[Opening INFORMATION GIVEN section]

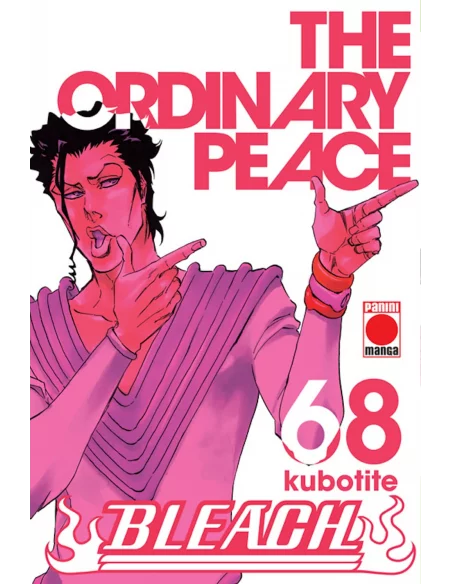 es::Bleach 68: The ordinary people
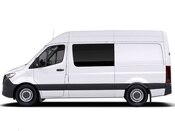 2020 Mercedes-Benz Sprinter 3500 XD Crew Lifestyle: 1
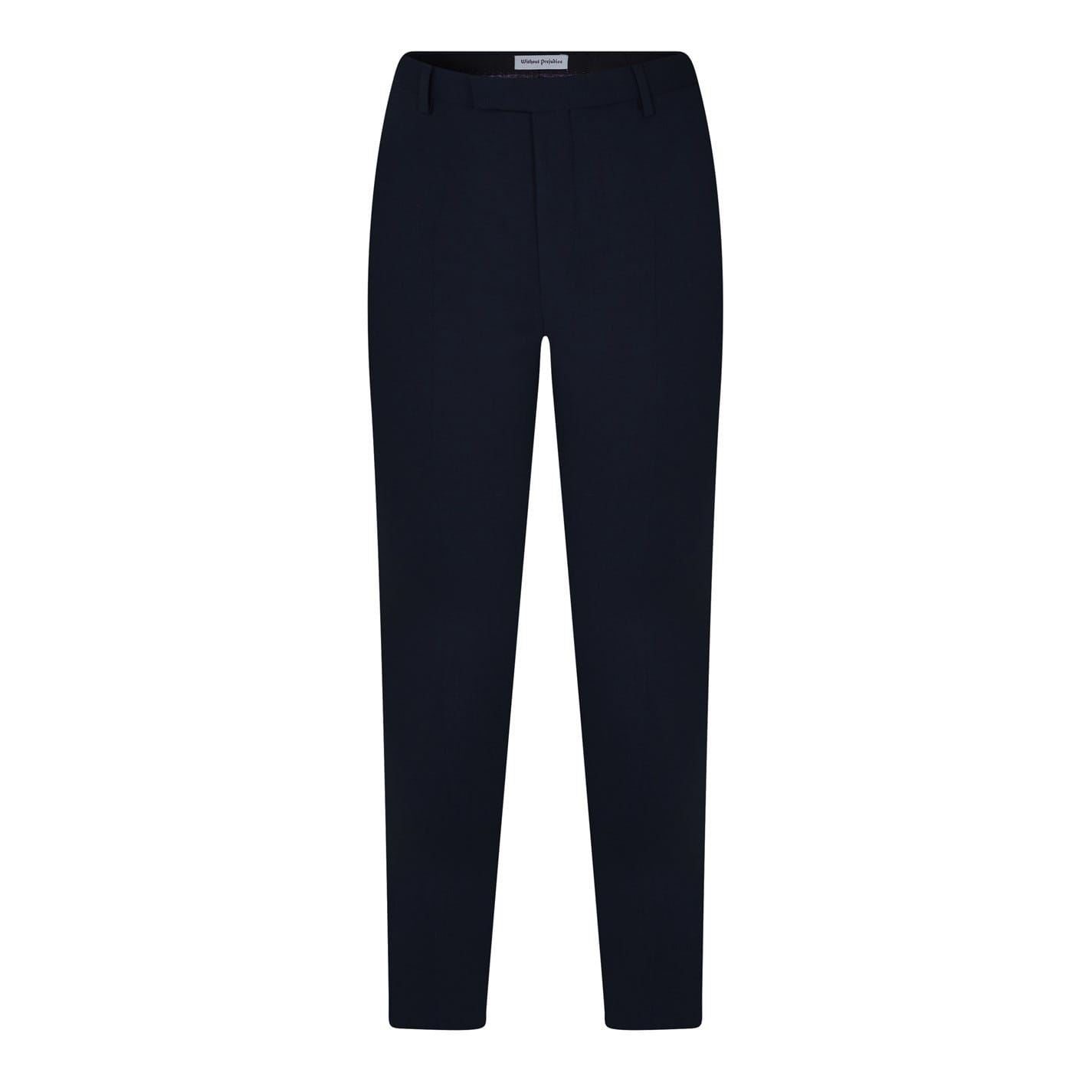 Without Prejudice Skinny Fit Suit Trouser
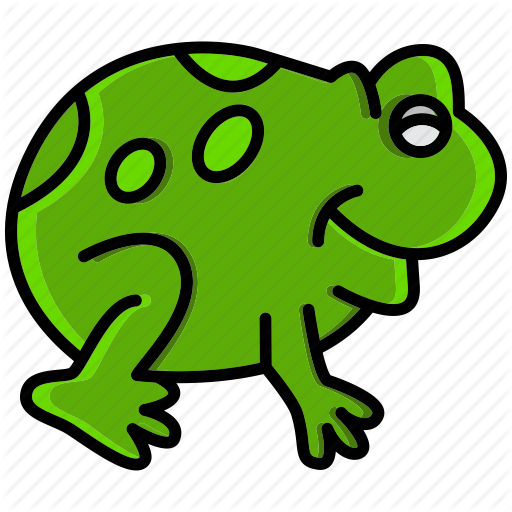 shrub-frog # 258949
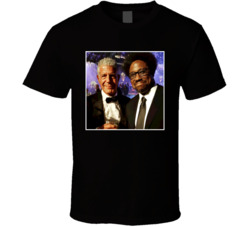 Kamau Bell Anthony Bourdain T Shirt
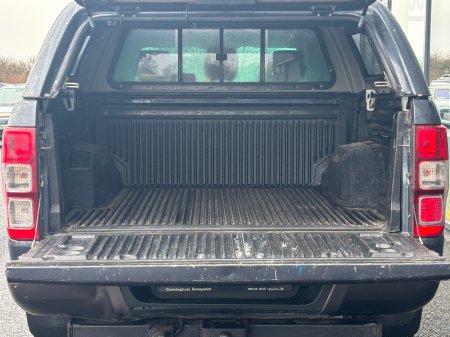 2019 Ford Ranger 3.2TDCi Wildtrack 4WD Auto [INC. VAT] €26,995 thumbnail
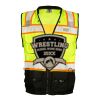 Unisex Premium Black Series® Surveyors Vest Thumbnail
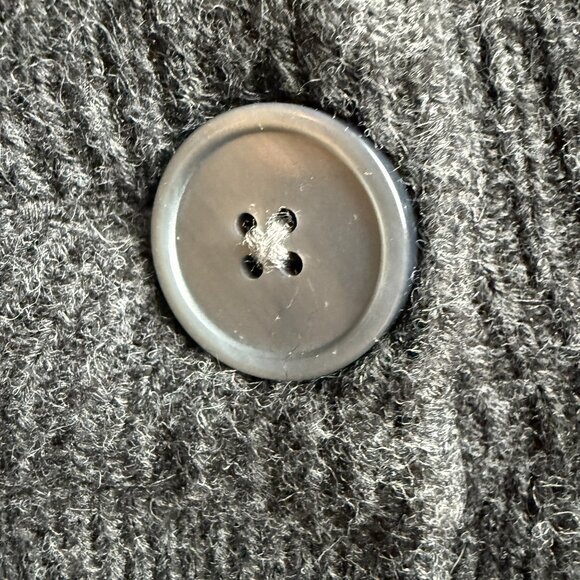 J CREW RELAXED MILANO STITCH CARDIGAN - Picture 6 of 8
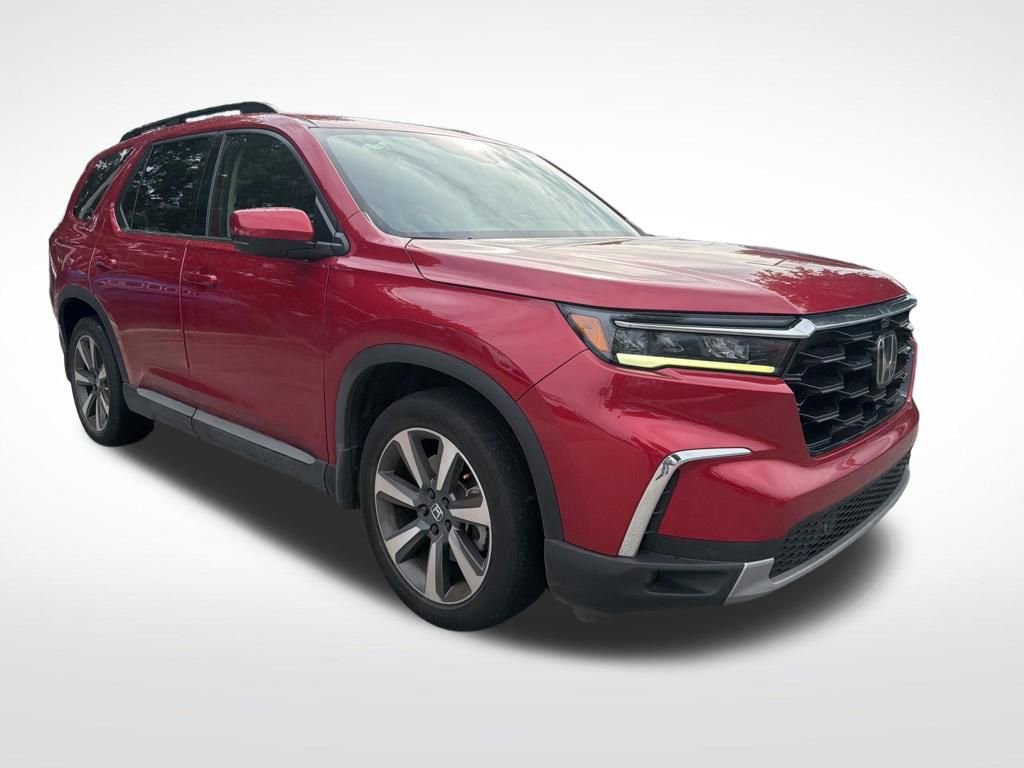 Used 2024 Honda Pilot Elite image 3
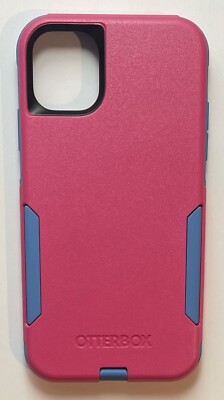 Otterbox Commuter Series Phone Case For Apple iPhone 11 XR Cyber Sunset  Pink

[Closing INFORMATION GIVEN section]

Could you repeat exactly the lines from the one containing "Without Prejudice Skinny Fit Suit Trouser" through the last line of the records, both included, without the pictures?

SOLUTION FOR THIS TASK:
 Without Prejudice Skinny Fit Suit Trouser
 shrub-frog # 258949
 Kamau Bell Anthony Bourdain T Shirt
 2019 Ford Ranger 3.2TDCi Wildtrack 4WD Auto [INC. VAT] €26,995 thumbnail
 Unisex Premium Black Series® Surveyors Vest Thumbnail
 J CREW RELAXED MILANO STITCH CARDIGAN - Picture 6 of 8
 Used 2024 Honda Pilot Elite image 3
 Otterbox Commuter Series Phone Case For Apple iPhone 11 XR Cyber Sunset  Pink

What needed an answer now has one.